The second best thing (after adding metrics collection) we did as a dev team was forcing our way into the on-call rotation for our application. Now instead of grumpy sysops telling us how bad our application was (because they had to get up in the night to restart services and what not) but not giving us any clue to go on to fix the problems, we could do triage as the issues where occurring and actually fix the issues. Now with mandate from our manager because those on-call hours where coming from our budget. We went from multiple on-call issues a week to me gladly taking weeks of on-call rotation at a time because I knew nothing bad was gonna happen. Unless netops did a patch round for their equipment which they always seem to forget to tell us about.


  I want to rename that call to log.PageEntireDevTeamAt3AM() and see what
  happens to log quality
I managed to page the entire management team after hours at megacorp. After spending ~7 months being tasked with relying on some consistently flakey services I'd opened a P0 issue on a development environment.

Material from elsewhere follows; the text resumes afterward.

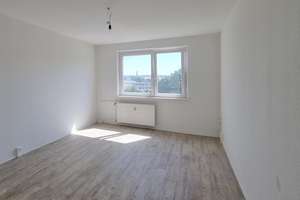 Ganz oben wohnen und Weitblick genießen! Wir renovieren 1-Zimmer-Wohnung! ** AB NOVEMBER **! – Albert-Wolf-Platz 1, 1239 Prohlis-Süd, Dresden – Vorschaubild 2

At the time I tried to be as contrite as possible, but in hindsight what a colossal configuration error. My manager swore up and down he never caught flack for it, but he also knew I had one foot out the door.

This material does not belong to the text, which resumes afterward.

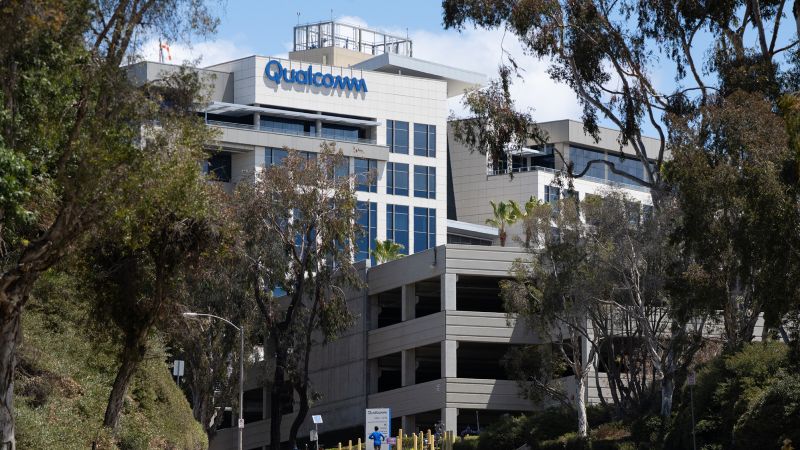 Read more about the article Chipmaker Qualcomm to lay off over 1200 California workers – CNN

> Developers, in general, are really bad at logging

That's not the problem. I'll regularly see errors such as:

    Connection to "http://maliciouscommandandcontrol.ru" failed. Retrying...
Just... noise, right? Best ignore it. The users haven't complained and my boss said I have other priorities right now...


> my boss said I have other priorities right now

Way to bury the lede...


Horrors from enterprise - few weeks ago a solution architect forced me to rollback a fix (a basic null check) that they "couldn't test" because its not a "real world" scenario (testers creating incorrect data would crash business process for everyone)...


Your system could also retry the flaky tests. If it fails after 3 or 5 runs, it's for sure a defect.


This is the power of GitHub actions where each workflow is one YAML file.

If you have flaky tests, you can isolate them to their own workflow, and deal with it as isolated away from the rest of your CI process.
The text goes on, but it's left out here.